Existing theoretical analyses of structured state-space models (SSMs) rely on intricate continuous-time modeling and subsequent discretization, obscuring intuitive understanding and limiting design flexibility. Method: This paper introduces a discrete-time geometric SSM construction framework grounded in the lag operator. Deriving state recurrences directly from first principles, it unifies the state transition matrix as a single inner product—bypassing continuous modeling and discretization entirely. By integrating orthogonal basis function expansions with a generic time-warping mechanism, the approach enables modular, interpretable, and adaptable SSM design. Contribution/Results: The framework rigorously reproduces the HiPPO recurrence relations from geometric principles. Numerical experiments confirm its correctness and stability. This work establishes the first purely discrete, geometry-driven SSM construction paradigm based on operator theory—yielding an extensible design toolkit and a novel family of SSMs with principled architectural control.
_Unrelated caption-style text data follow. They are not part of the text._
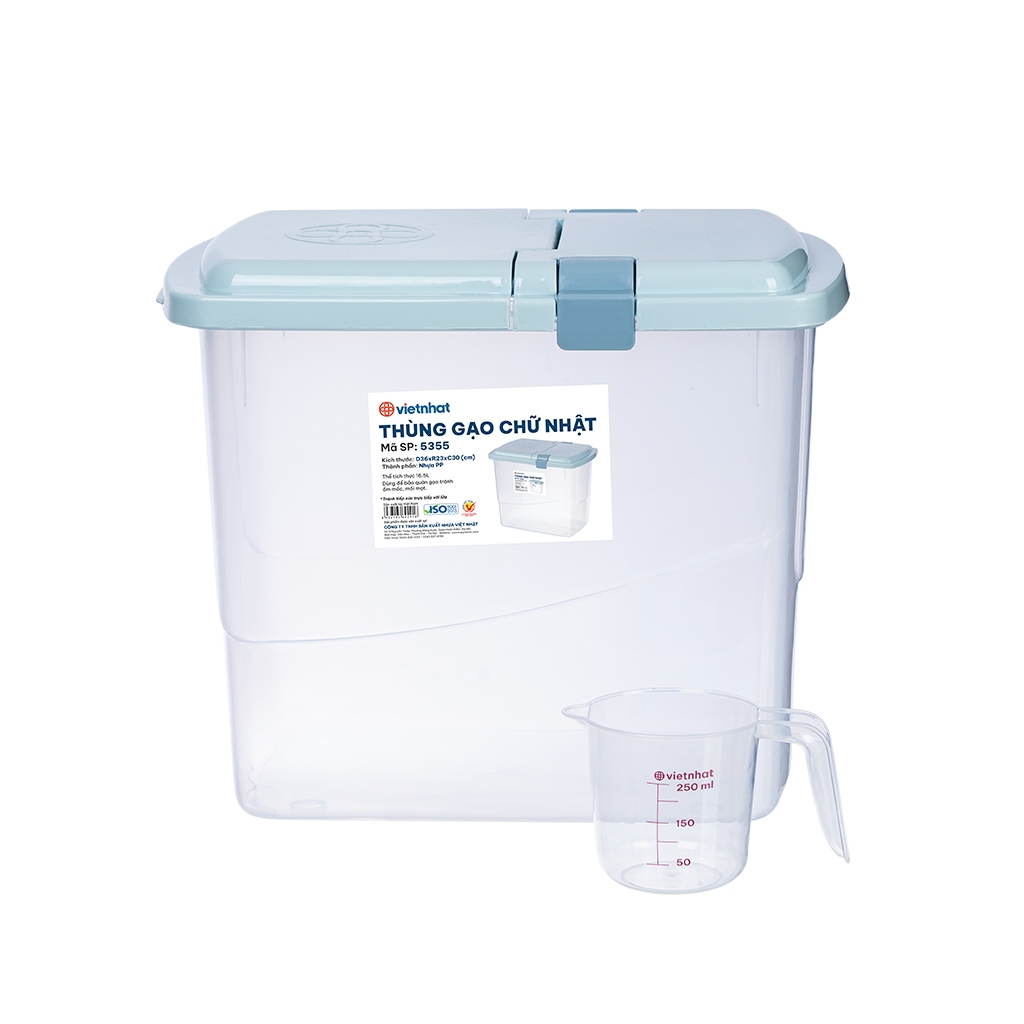 Thùng Gạo 15kg Kèm Ca Đong Định Mức Chống Ẩm Mốc Và Cồn Trùng Gây Hại Việt Nhật (mã 5355)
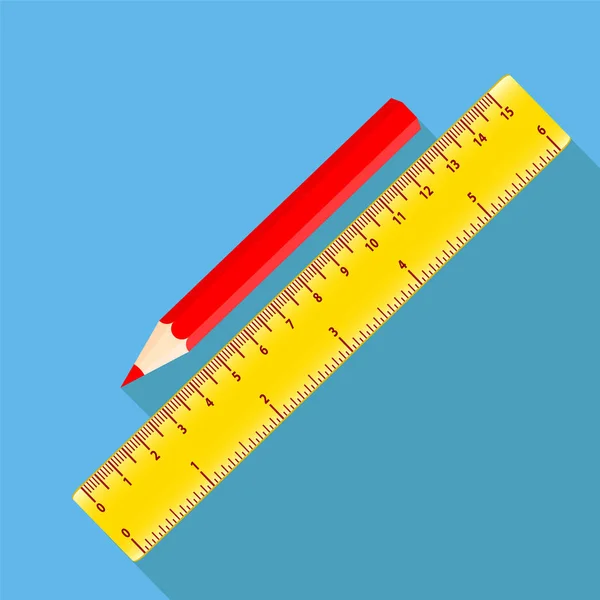 Čtvercový tvar ikony ikony červené tužky a pravítko v plochý design, — Stockový vektor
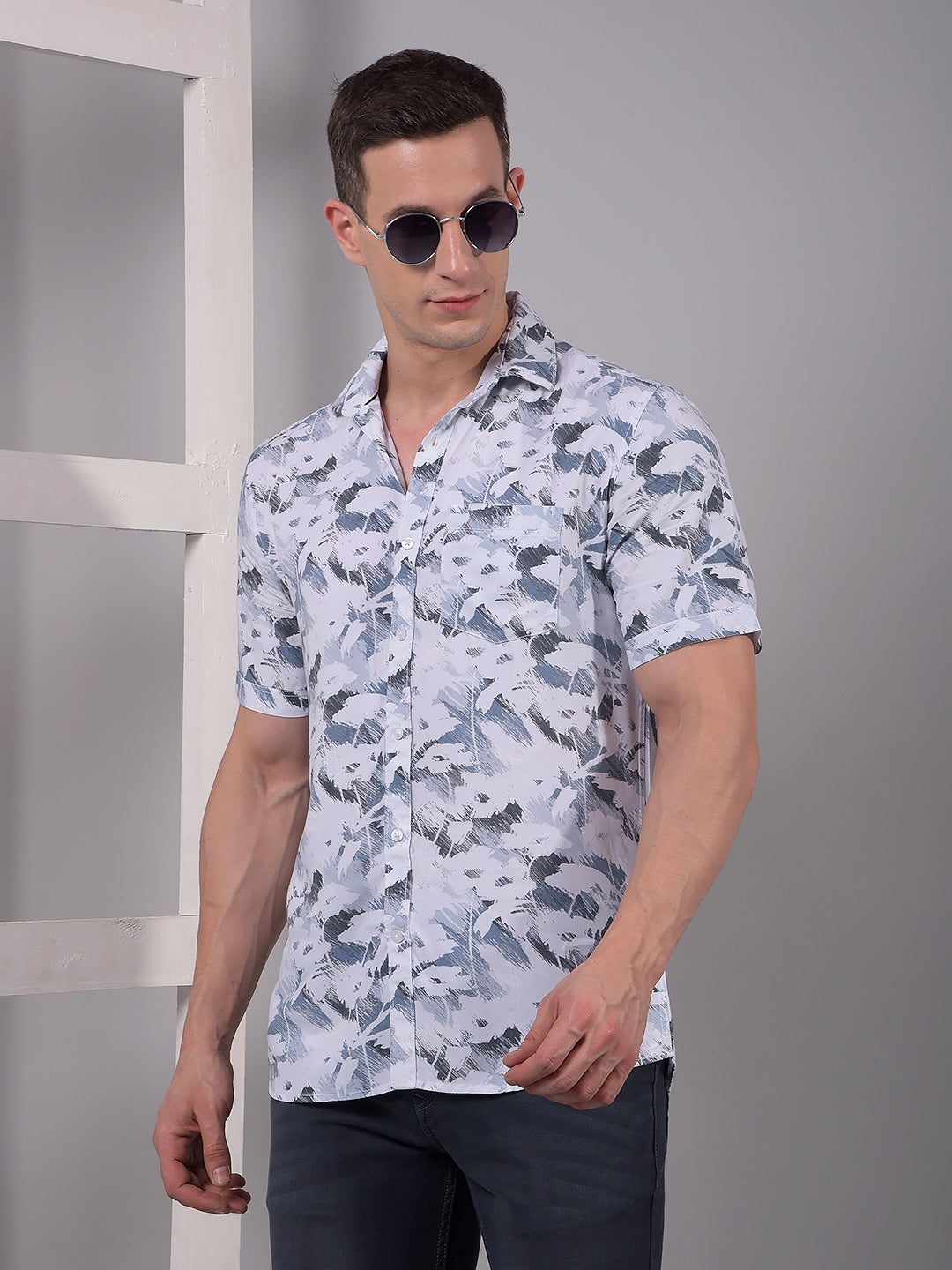 Grey Printed Linen Shirt-Men Shirts-Crimsoune Club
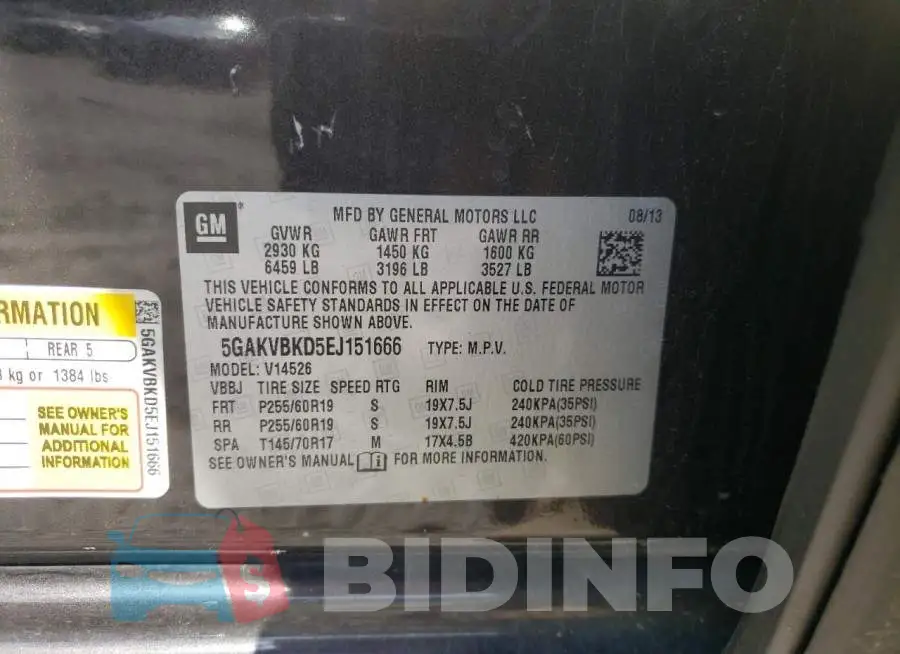 5GAKVBKD5EJ151666 Photo# 12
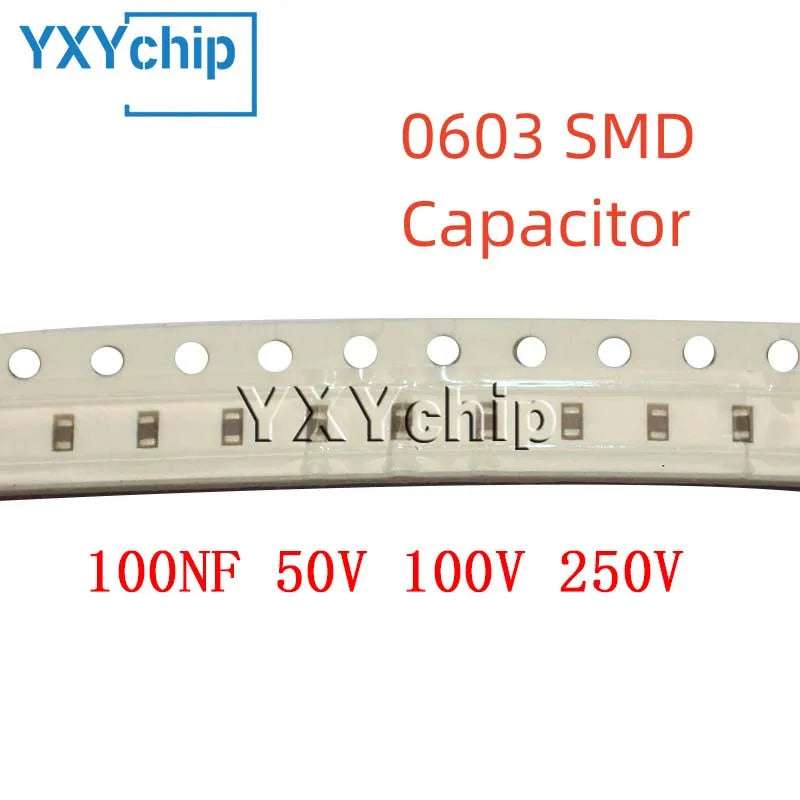 100PCS 0603 100NF 50V 100V 250V 10% 104K X7R 1608 SMD Chip Multilayer Ceramic Capacitor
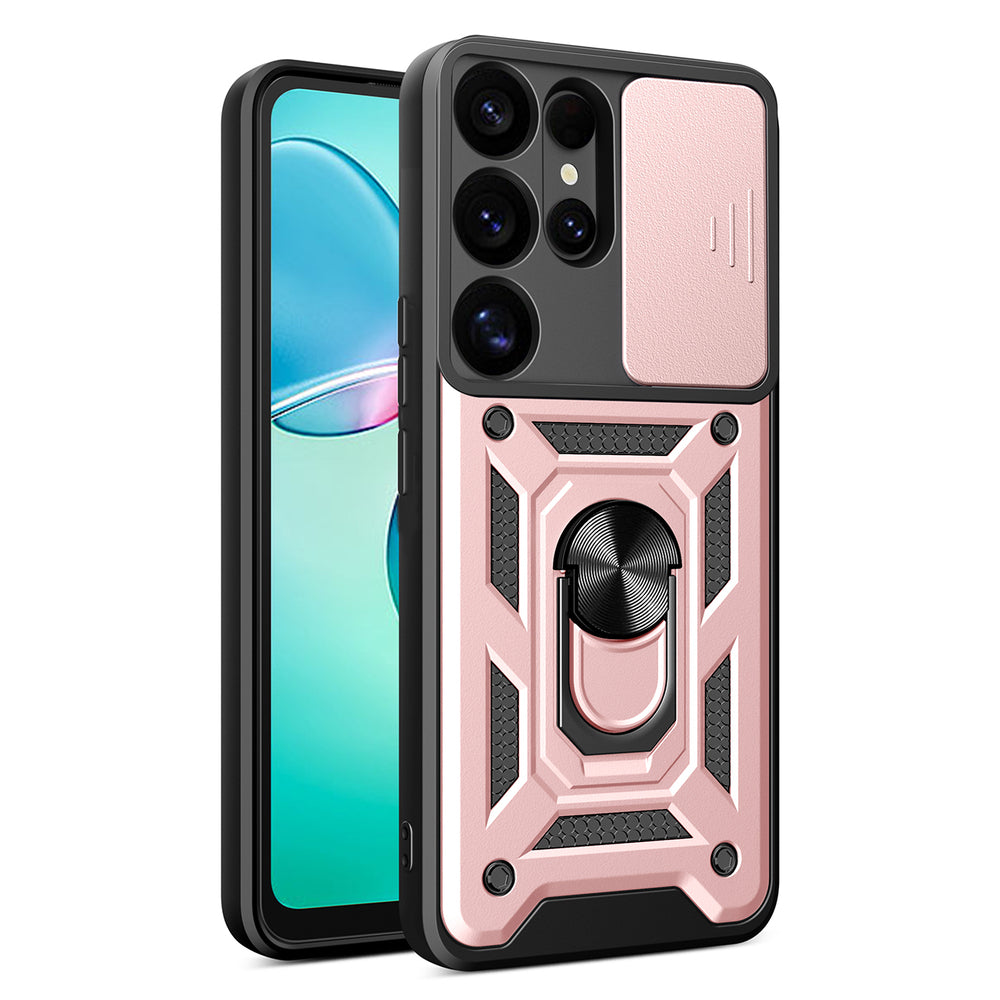 Hybrid Armor Camshield med Camera Cover og Metal Ring til Samsung Galaxy S25 Ultra - Pink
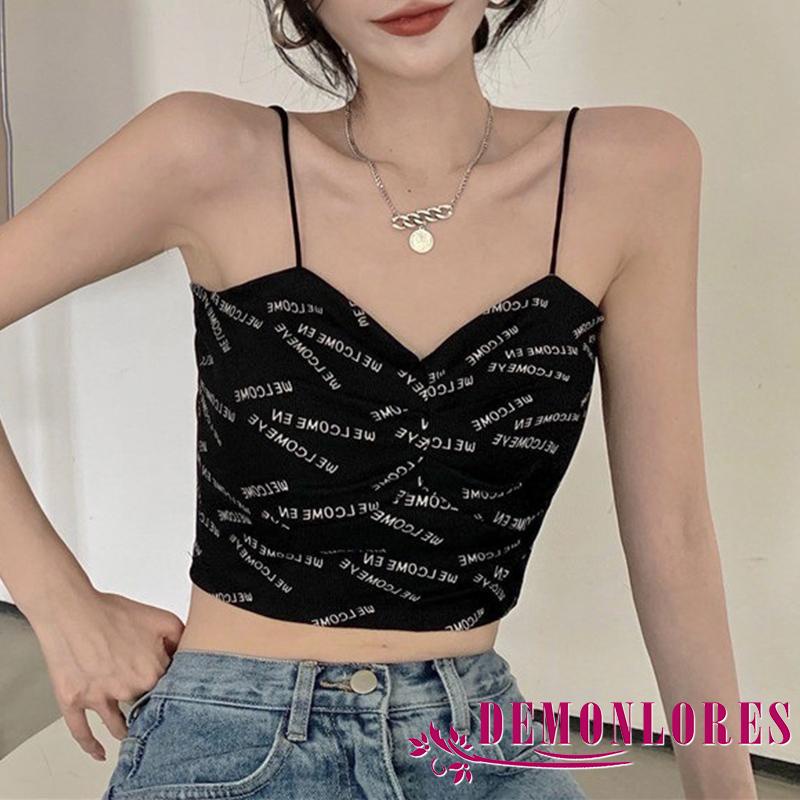 Áo Croptop Hai Dây Cổ Chữ V In Chữ Gợi Cảm Cho Nữ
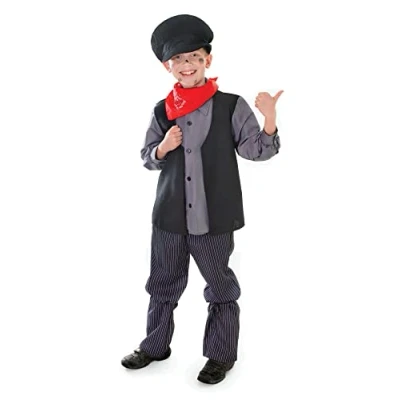 Image of Bristol Novelty CC197 Chimney Sweep Costume, Boys, Black, Grey, Age 6 8 Years Old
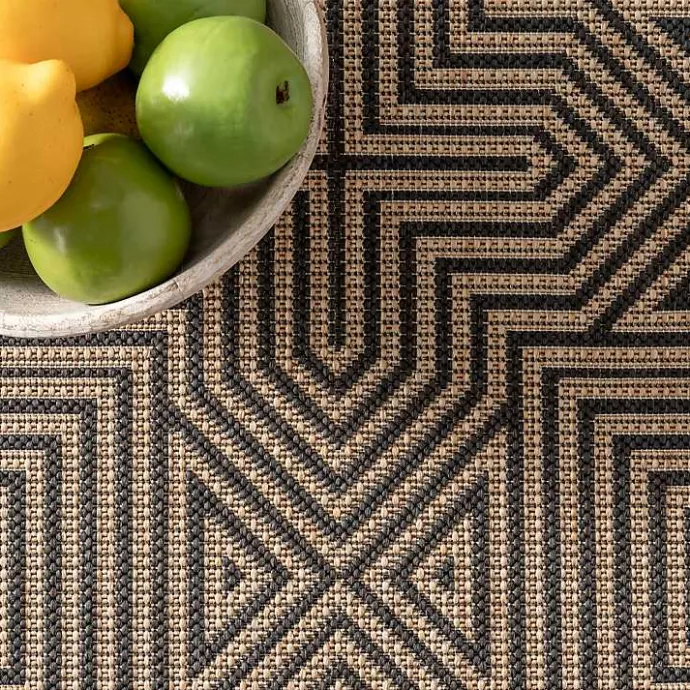 Kirklands Home Kylie Gray Modern Abstract Outdoor Rug, 8x10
Structured State Space Models (SSMs), which are at the heart of the recently popular Mamba architecture, are powerful tools for sequence modeling. However, their theoretical foundation relies on a complex, multi-stage process of continuous-time modeling and subsequent discretization, which can obscure intuition. We introduce a direct, first-principles framework for constructing discrete-time SSMs that is both flexible and modular. Our approach is based on a novel lag operator, which geometrically derives the discrete-time recurrence by measuring how the system's basis functions "slide" and change from one timestep to the next. The resulting state matrices are computed via a single inner product involving this operator, offering a modular design space for creating novel SSMs by flexibly combining different basis functions and time-warping schemes. To validate our approach, we demonstrate that a specific instance exactly recovers the recurrence of the influential HiPPO model. Numerical simulations confirm our derivation, providing new theoretical tools for designing flexible and robust sequence models.